An ordinary day suddenly became extraordinary when her routine was interrupted by the visit of the angel, Gabriel. Having been sent by God with the news that would forever change the course of history, Gabriel greets Mary accordingly, calling her "highly favored," "blessed among women," and that "the Lord is with" her.
Understandably, she is taken aback and troubled by his words to her—trying to figure out what this greeting could possibly mean. (Of course, the fact that AN ANGEL was standing in front of her was probably unnerving at the very least—Daniel had another reaction, but I digress)
Gabriel goes on to explain God's plan to bring the long awaited Messiah to the world. I can imagine that it must have been hard for Mary to hear anything the angel said, past the part about her conceiving and "bringing forth a son"!
When the Heavenly messenger takes a breath, it was the first thing—and the only thing—that Mary questions him about.
"How can this be?" she asks, "since I do not know a man?"
Now, earlier in the chapter, Zacharias received a little visit from Gabriel as well. When told about his own coming miraculous event, he poses a similar question to the angel. Why is it that his question brought him rebuke and discipline, while Mary's did not?
The angel rebuked Zacharias for his unbelief. After all, his scenario had happened before—with Abraham and Sarah. And he was a priest; of all people, he should've responded in faith.
Mary, on the other hand, had a very legitimate question, and she was not chastened for unbelief. In fact, after Gabriel explains what will happen to Mary, she responds with a heart of obedience, surrender, humility and trust…
"Behold the hand-maiden of the Lord. Let it be done to me according to Your Word," she said.
This young woman rose to God's occasion for her and chose to embrace His plan in FAITH, though she didn't comprehend it all.
I'll be the first to admit that I'm frequently mystified by what God seems to be doing at various times in my life.
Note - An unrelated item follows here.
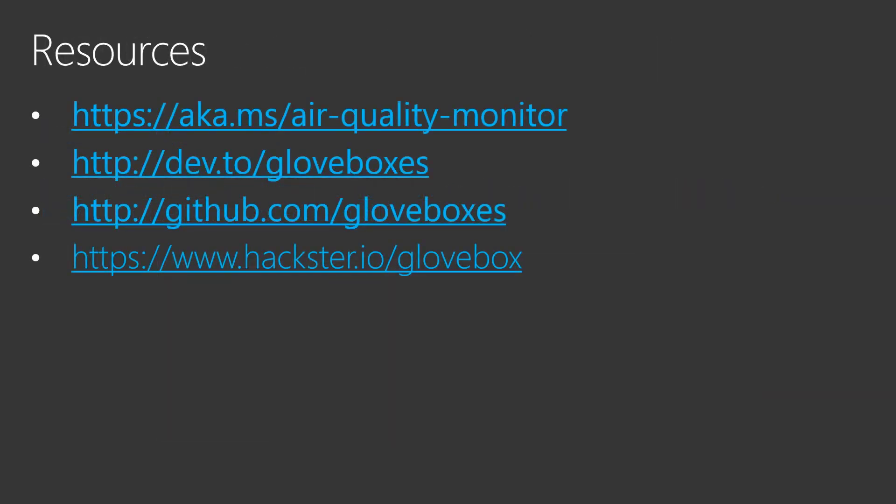In summary, you can find the complete source code and tutorial at aka.ms/air-quality-monitor. And those are some other resources - find me on dev.to, GitHub, and hackster.io. Thank you very much. Hope you enjoyed that, and enjoy the rest of the sessions.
But, I—and all of us—are given the opportunity to embrace it in faith, trusting the benevolent love of the God that we've come to know.
These are precarious times—financially, emotionally, and in many other ways. But, the Apostle John reminds us in 1 John 5:4, "For whatever is born of God overcomes the world. And this is the victory that has overcome the world—OUR FAITH." (emphasis mine)
It was Mary's example, and it still holds true for each of us some 2,000+ years later; that solid, simple trust in God—faith.